The grocery store where I shop cuts Bottom Round into 1/4" slices and labels it Carne Asada.  It goes on sale quite often.  Regular price is $3.98/lb, but I stock the freezer when I see $2.48/lb, which is often 2 or 3 times a month.   

I do not own a dehydrator, nor do I want one.  I made several batches of jerky first in the oven.  See YouTube for guidance if making jerky in the oven appeals to you.  I wanted to perfect my technique there before I moved to the WSM.  Plus, it was always raining last Fall, Winter, and Spring so the oven was convenient.  Interesting difference is that the oven jerky came out a little tough.  The jerky on the WSM was tender. 

Here's the recipe I adapted from online sources that I like the best.  There's no soy sauce per se other than what is in the teriyaki sauce.  I call it Barbeque Jerky.  You could easily add red pepper flakes or cayenne pepper if you like a little heat.   

*Barbeque Beef Jerky Recipe on the 22.5" WSM*

Came out tender and delicious!  3.5 lbs of raw meat would fit in the WSM if split between the two grates.

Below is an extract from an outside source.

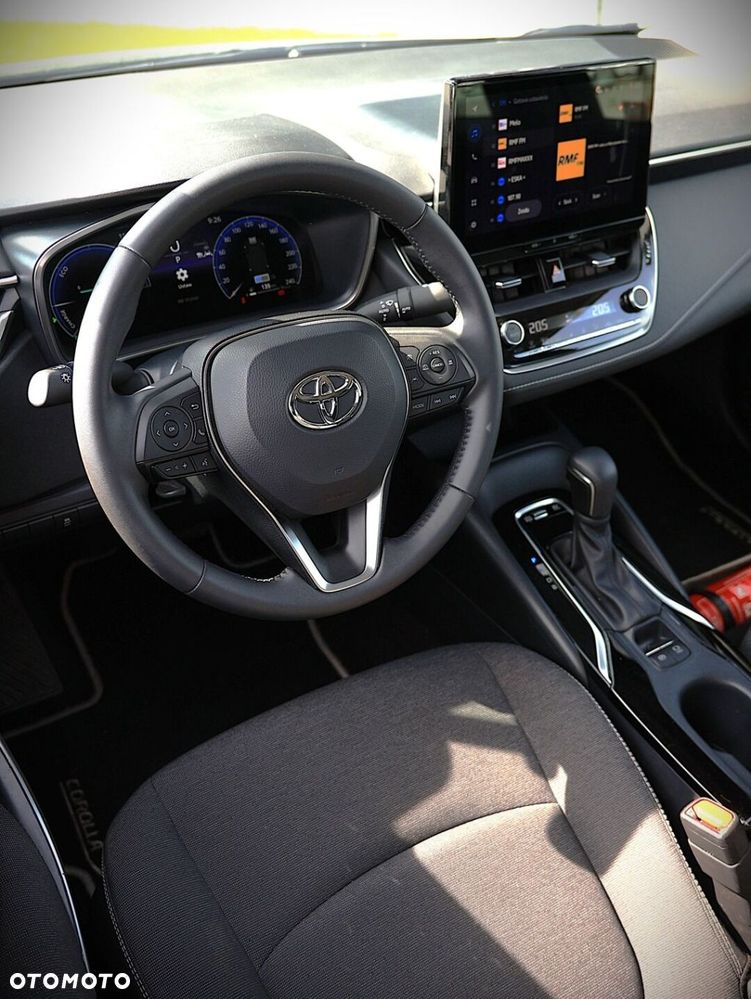 Toyota Corolla 1.8 Hybrid Comfort - 16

A little less than 2 lbs will lay flat on a grate.  For 3 1/2 lbs of beef, bump the 2/3 cup quantities up to a cup, the Worchester up to 1/3 cup, the spices to 2 tsp, and the cure to 3/4 tsp.  It is a little lite on the cure, but the salt in the teriyaki sauce makes up for it.  

*Ingredients*
2 1/2 lbs lean beef
2/3 cup teriyaki sauce
2/3 cup Sweet Baby Ray's BBQ Sauce
1/4 cup Worcestershire sauce
1 1/2 tsp freshly ground black pepper
1 1/2 tsp garlic powder (or 1 Tbs minced garlic)
1 1/2 tsp onion powder
1/2 tsp cure #1

*Smoker Directions*

1. If the beef is not pre-sliced, slice into 1/4" thick strips and put in a 1 gallon Ziplock bag.  Combine all curing ingredients and pour into the bag.  Squeeze out as much air as possible and marinate overnight in the refrigerator, or up to 2-3 days.

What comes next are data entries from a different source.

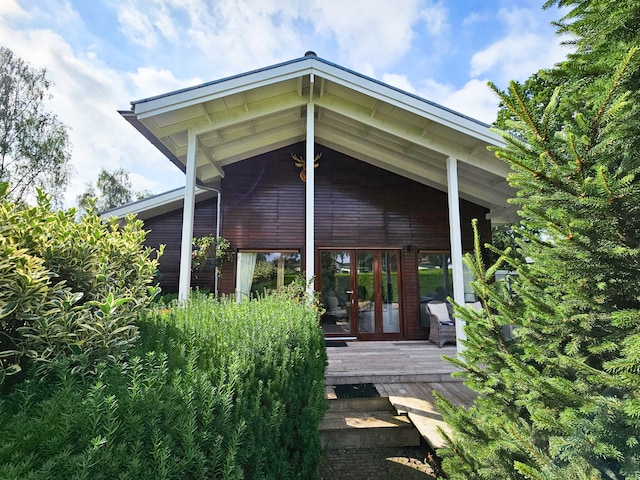 Belle maison de vacances avec grand jardin, Voorthuizen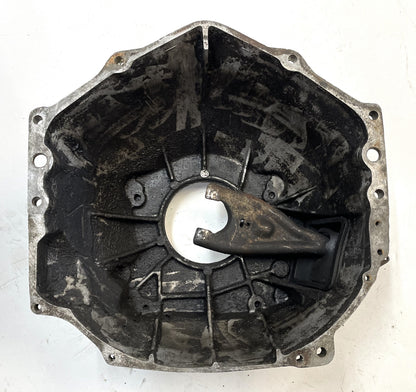 JEEP CJ Bell HOUSING Fits Small Block Chevy 350 GM LS iron duke CJ5 CJ7 T4 T5 Sr4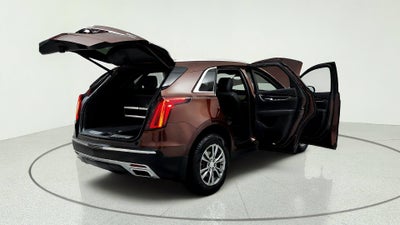 2022 Cadillac XT5 AWD Premium Luxury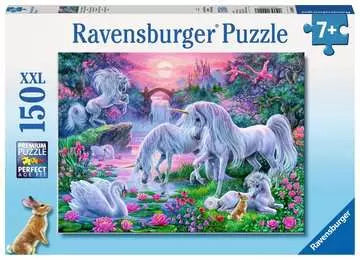 Unicorns at Sunset - 150pc puzzle XXL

2. In the WSM put down a layer of used or new cold charcoal.  Pile 9 RO Ridge briquettes in chimney.  Will need probably 12 if using Kingsford.  Heat until they are ashed over.  On the bed of new/used charcoal, put 4 pieces of hickory or mesquite in a small square.  Pour hot coals into middle of square.  Immediately reassemble the smoker and set the vents or the Guru for 150F.

3. Bring grates in house and lay meat on grates.  Once the grates are put back in the smoker, work the vents or bump the Guru up to 165F.

4. Smoke at 165°F until ready, about 5 hours.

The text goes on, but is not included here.